ABOUT THIS TASK: Give the lines again exactly as they appear below, from the line with "Der letzte Fußgänger - Foto: TMDB" to the line with "[Pre-Order] PRIME1 STUDIO", both included, and only those lines. Leave every picture out.

[Scraped caption text data]

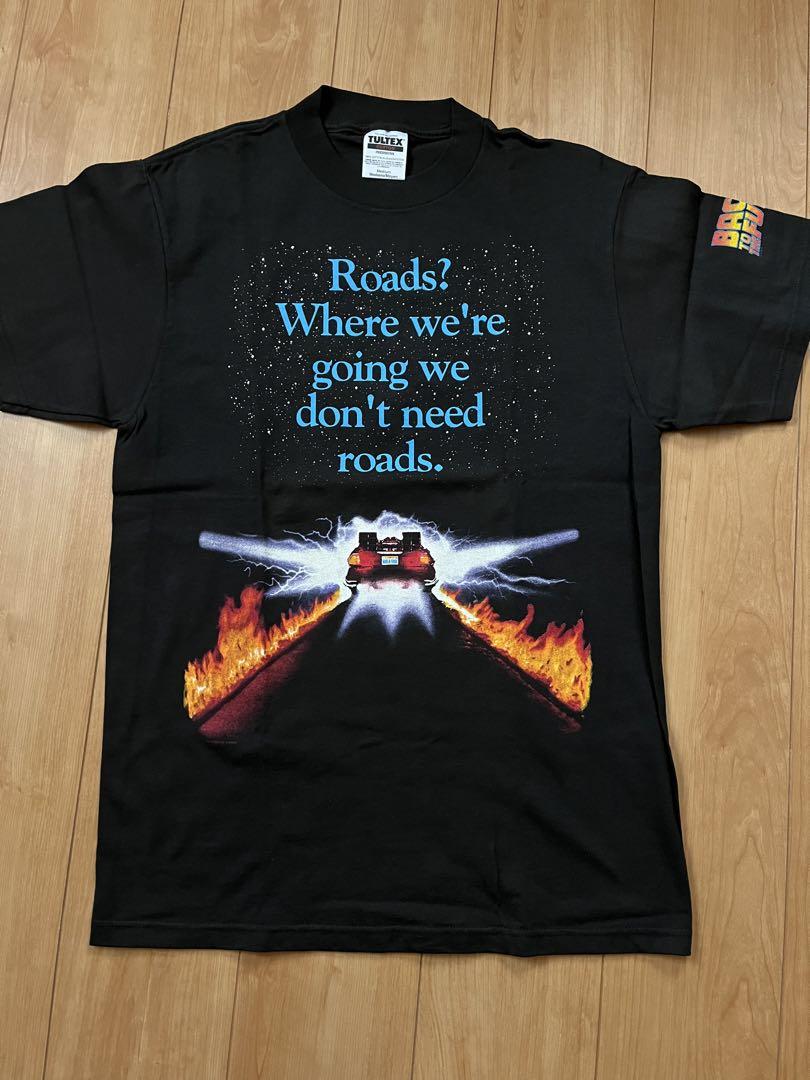 90年代　デッドストック　ムービーTシャツ
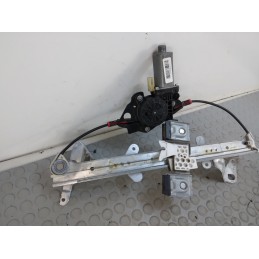 Motorino Alzacristalli Anteriore Destra Ford Fiesta 5P dal 2002 al 2008  1677748571391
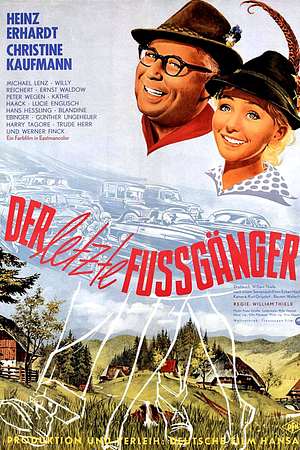 Der letzte Fußgänger - Foto: TMDB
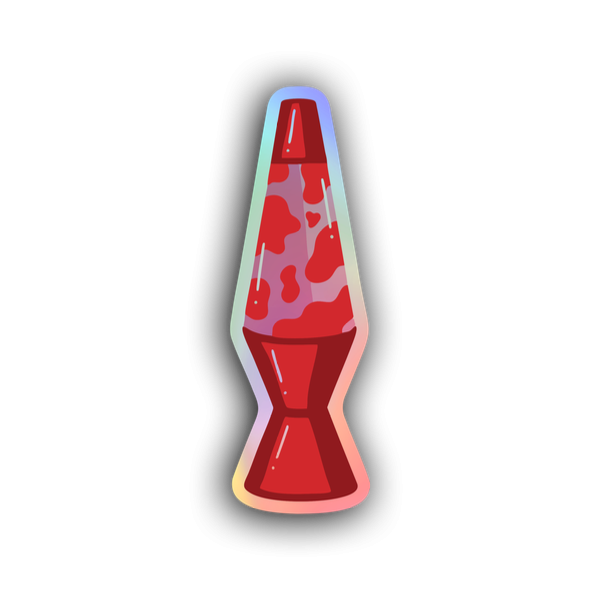 Producto - Lámpara de Lava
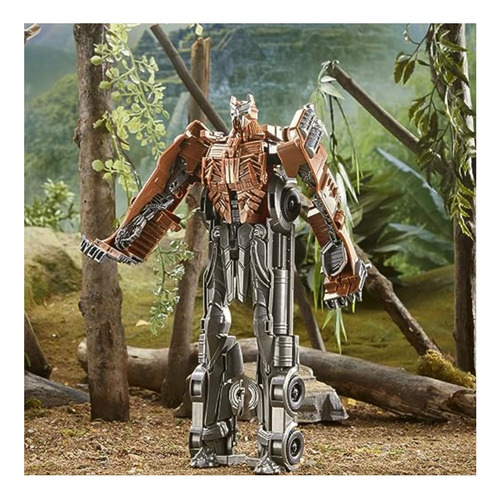 Transformers Tra Mv7 Titan Changer Scourge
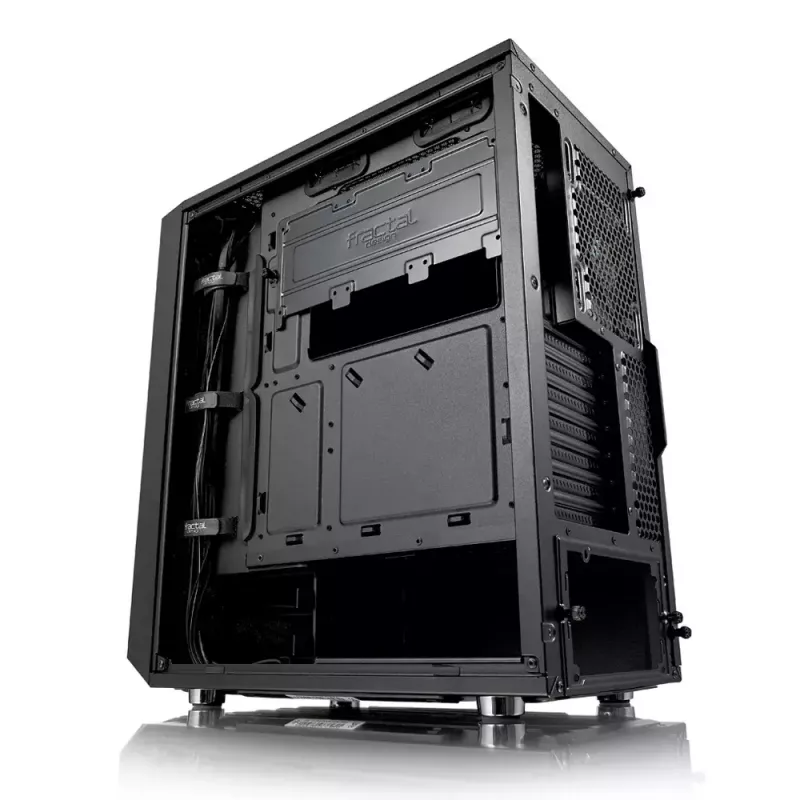Korpusas Fractal Design Meshify C Midi Tower Juodas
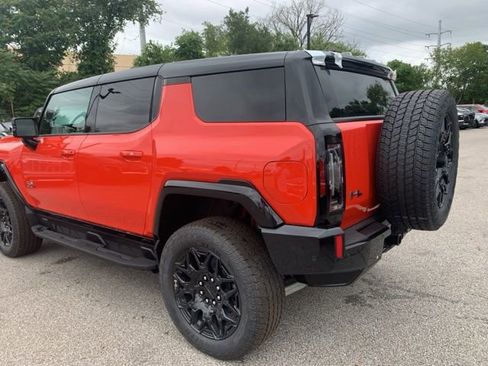 New 2026 GMC Hummer EV SUV image 6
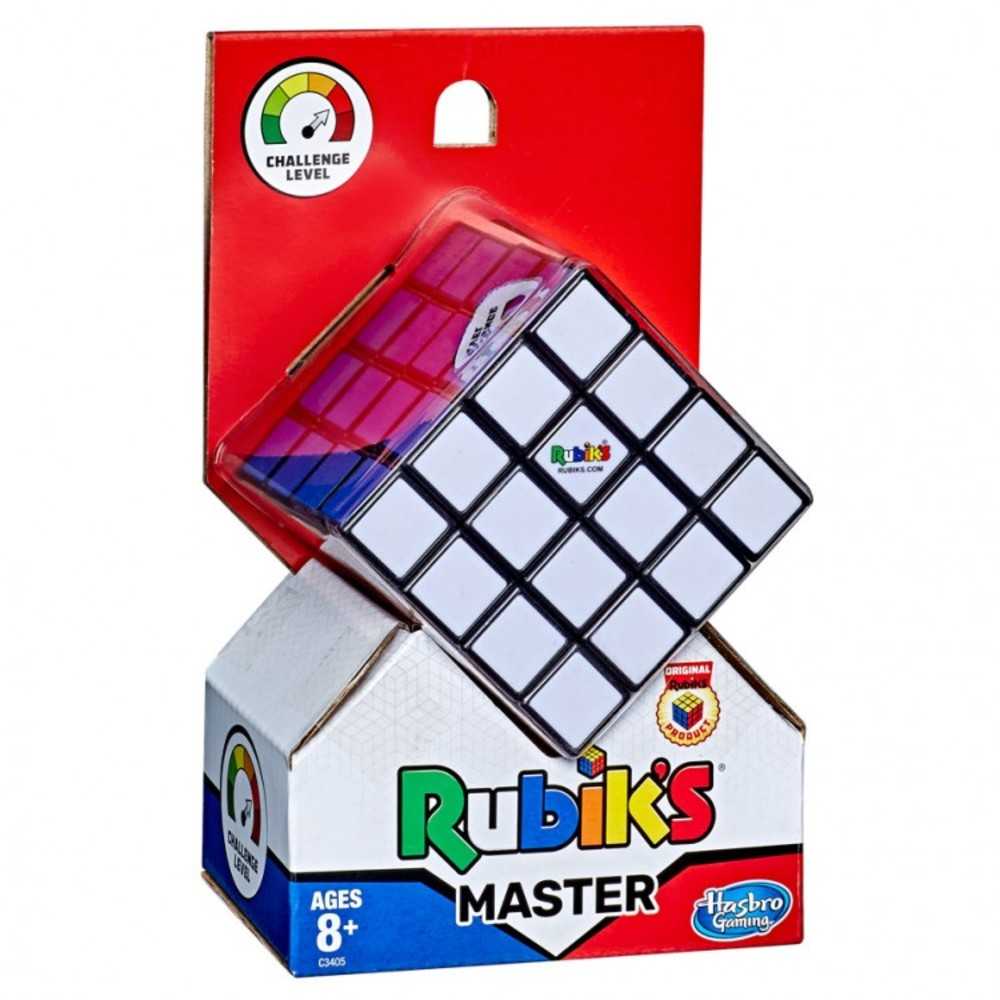 Puzzle: Rubik's Revenge 4x4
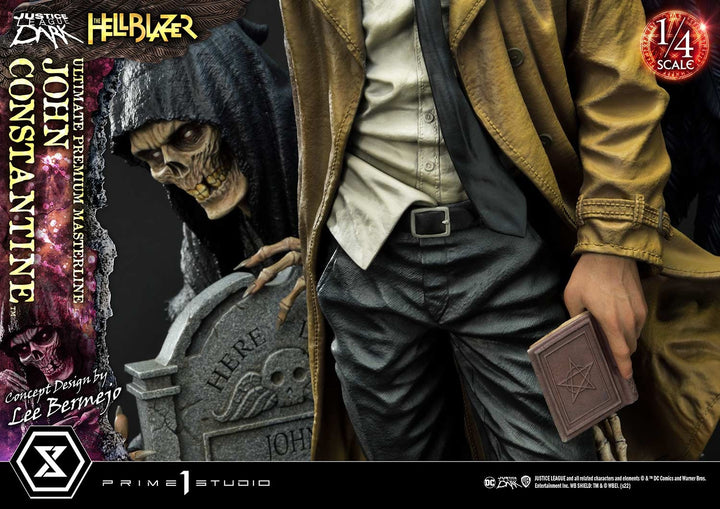 [Pre-Order] PRIME1 STUDIO - UPMDC-04: ULTIMATE PREMIUM MASTERLINE HELL BLAZER (COMICS) JOHN CONSTANTINE 1/4 SCALE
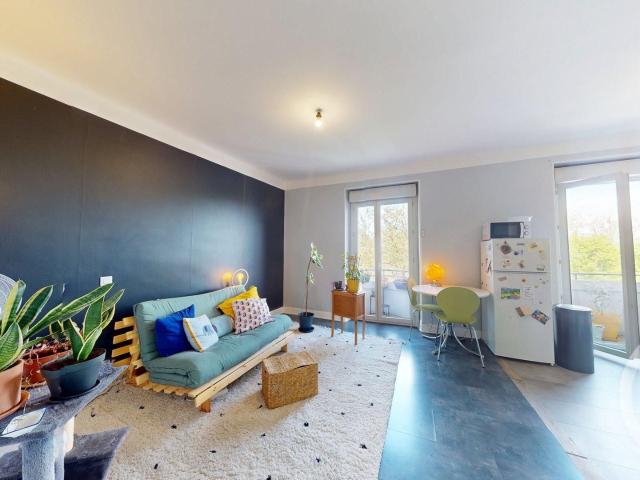 Appartement 2 pièces 47 m²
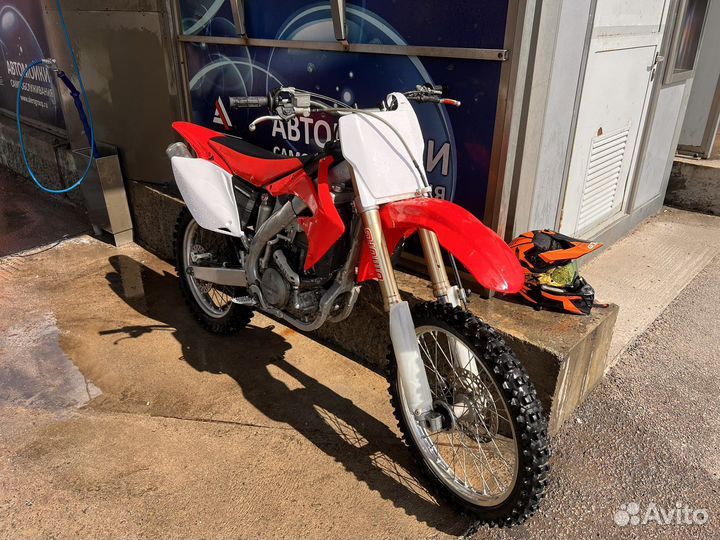 Honda crf450r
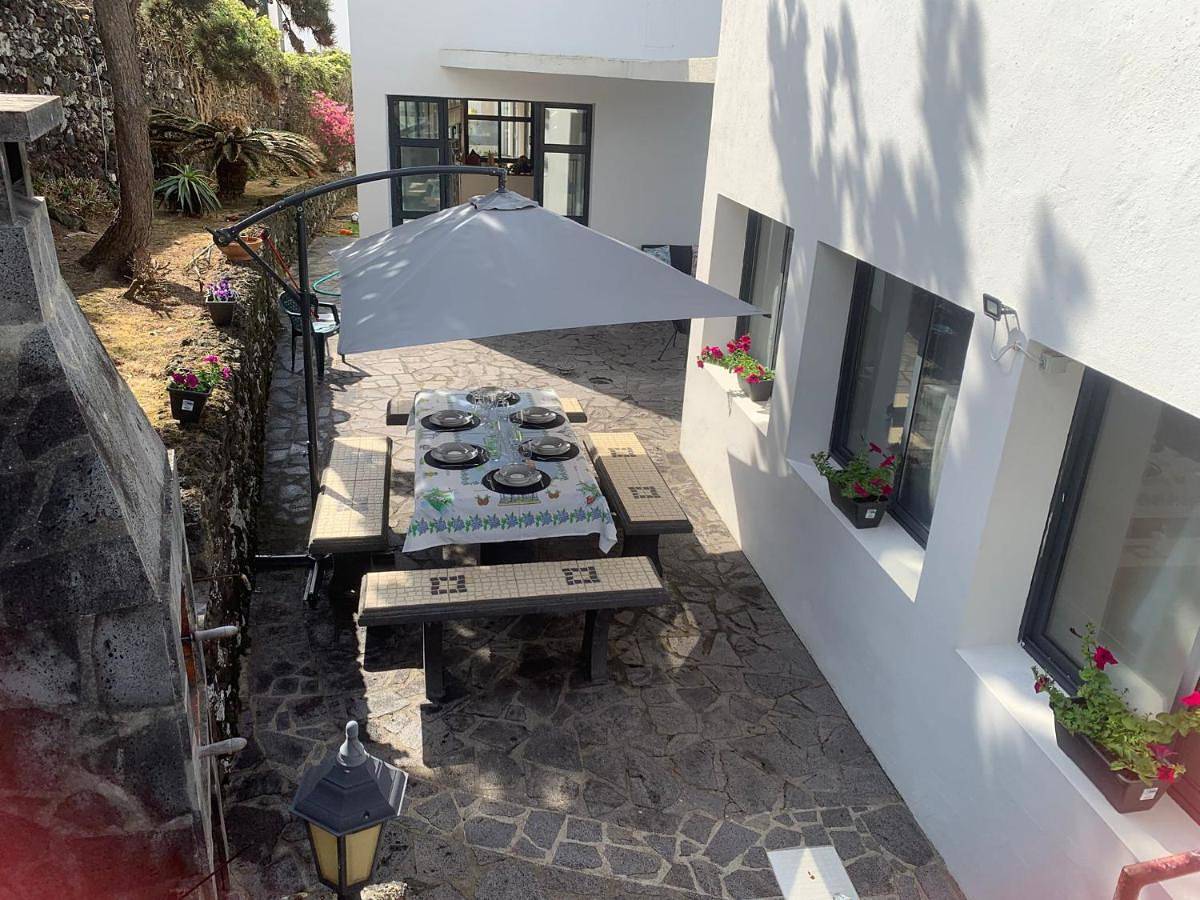 Deluxe Double Room with Sea View in São Miguel Island, Ribeira Seca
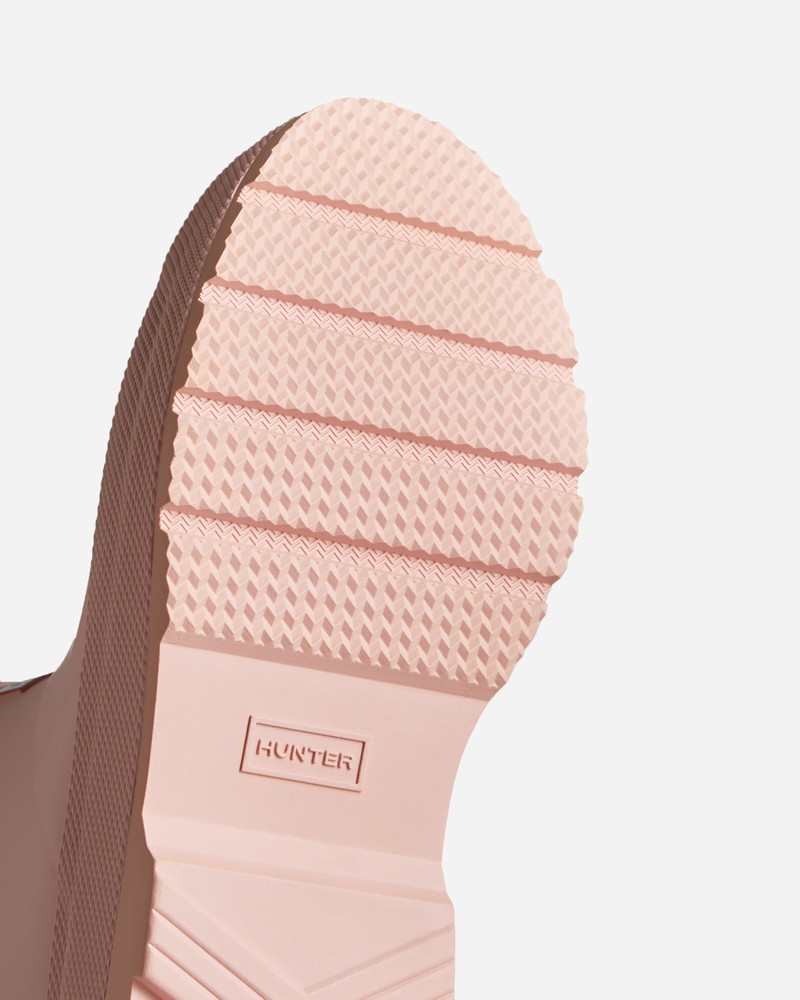 Botas Wellington Hunter Play Criança Rosa | 15469966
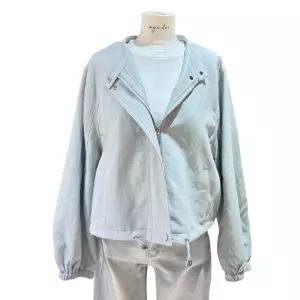 에이지도르 노카라 스트링 레더 자켓 ALSISPJ186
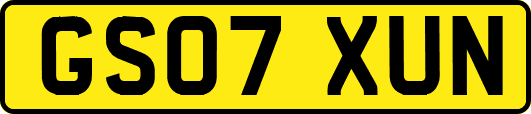GS07XUN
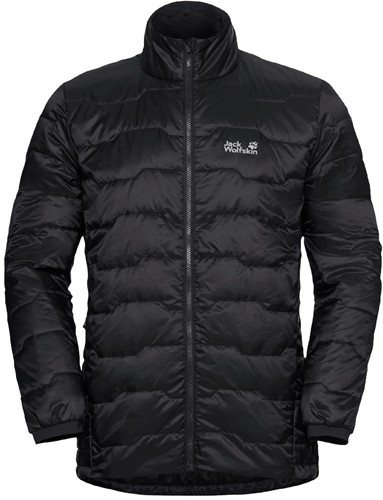 Jack Wolfskin Flowline 3-in-1 Jacket M - Black
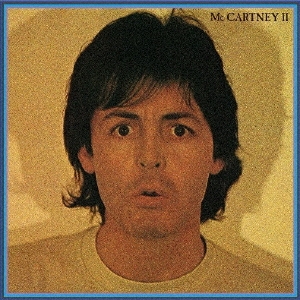 マッカートニーII＜生産限定盤＞/Paul McCartney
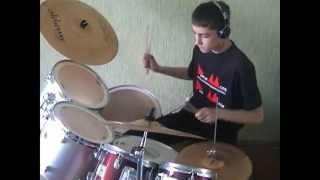 Depeche Mode - Goodbye (Drum cover by zHENKOVSKI)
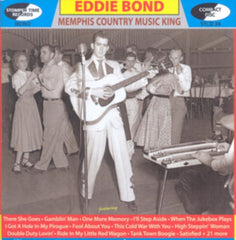 Eddie Bond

OUTPUT OF THE TASK:
 Der letzte Fußgänger - Foto: TMDB
 Producto - Lámpara de Lava
 Transformers Tra Mv7 Titan Changer Scourge
Korpusas Fractal Design Meshify C Midi Tower Juodas
 New 2026 GMC Hummer EV SUV image 6
 Puzzle: Rubik's Revenge 4x4
 [Pre-Order] PRIME1 STUDIO - UPMDC-04: ULTIMATE PREMIUM MASTERLINE HELL BLAZER (COMICS) JOHN CONSTANTINE 1/4 SCALE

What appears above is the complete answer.